Millions of people now have access to artificial intelligence like ChatGPT. After Apple Intelligence integrated ChatGPT into its platform, anyone with an iPhone, iPad or Mac can now ask complex questions without going to a separate app or website.
This long-awaited integration may spark questions like, how does ChatGPT work?
What are chatbots?
ChatGPT, operated by OpenAI, is an artificial intelligence chatbot like Google’s Gemini, Anthropic’s Claude, or Meta AI. These chatbots use a type of AI called a “large language model.” They understand text and generate words to sound human.
“It’s almost boring now to say this,” said Daniel Dugas, an AI and robotics scientist based in Switzerland. He wrote a visualized explanation of earlier AI GPT models. “The fact that I can talk to my computer and have a semi-coherent conversation is — it’s just unbelievable,”
“As an engineer, I immediately was pushed to the direction of, OK, how do we make something like intelligence?” Dugas said.
While large language models may seem intelligent, they essentially just predict the next word — much like a phone’s text suggestions.
But it’s far more complex.
How ChatGPT works
Large language models are trained on vast amounts of data, ranging from books to social media to much of the internet. An LLM maps out word relationships similar to the way the human brain does.
Take the sentence, “Don’t put all your eggs in one.” Once you enter it into an LLM and hit send, a lot of things happen in repetition — in a fraction of a second.
Step One: Tokenization and Encoding
Imagine the process like an assembly line. The first step on the assembly line is to turn the sentence into something computers can definitely understand: numbers.
RELATED STORY | How deepfake technology works
The sentence, “Don’t put all your eggs in one” is broken down into what’s called “token IDs” that vary depending on the AI model. The sentence now becomes [91418, 3006, 722, 634, 27226, 306, 1001]
You can test out tokenization using OpenAI’s tool.
Step Two: Embedding
Next, the resulting vector of numbers is expanded based on context.
For example, the word “egg” has a lot of different meanings and connotations. If you had to map out the word mathematically, one way is to plot it onto a graph between “chicken” and “young.” On a two-dimensional graph, that’s simple.
But “egg” has so many different meanings. “Egg” can be a part of an idiom, a breakfast ingredient, something associated with Easter, or a shape. Graphing this out would require multiple dimensions in a never-ending vector. We can’t imagine this, but a computer can compute it.
With the sentence “Don’t put all your eggs in one” the word egg might be [27226].
With the sentence “I ate an egg for breakfast” the word egg might be [16102]. It all depends on context. These contextual adjustments are based on all the training and the neural network of word relationships, and the changes are embedded into the vector.
Step Three: Transformer Architecture
The vector moves down the assembly line into a “transformer architecture.” It is a series of layers that make even more adjustments to the vector of numbers.

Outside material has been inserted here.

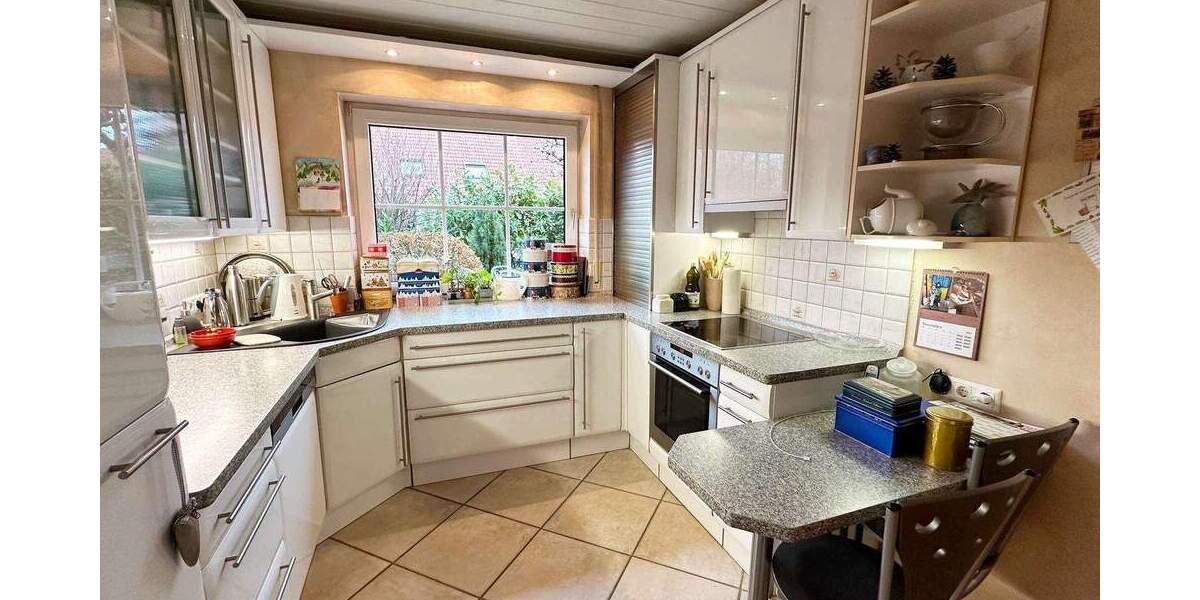 Mehr Raum als gedacht - Doppelhaushälfte mit 2 Carports, ausgebautem Spitzboden & Südwestterrasse 5 zimmer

Based on the previous training, the AI has learned and decided what words carry more weight. For example, in the sentence “Don’t put all your eggs in one” the word “eggs” matters more than “one.”
Adjustments to the vector of numbers occur repeatedly to make sure context and meaning are close to everything it was trained on.
Step Four: Output
Finally, the result goes in reverse on the assembly line to turn a vector of numbers back into a word: basket.
"Don’t put all your eggs in one ... basket."
Is this advanced word prediction? Is this intelligence? Are there limits?
“You have papers saying, the model will never be able to create music or a model will never be able to answer a mathematical question,” Dugas said. “And they basically are crushed in the last five years.”
As large language models continue to advance, it’s important to keep up with what they can do and to know how we can work with them, not for them. Even a basic understanding will help people utilize, navigate, and legislate a technology some might consider revolutionary.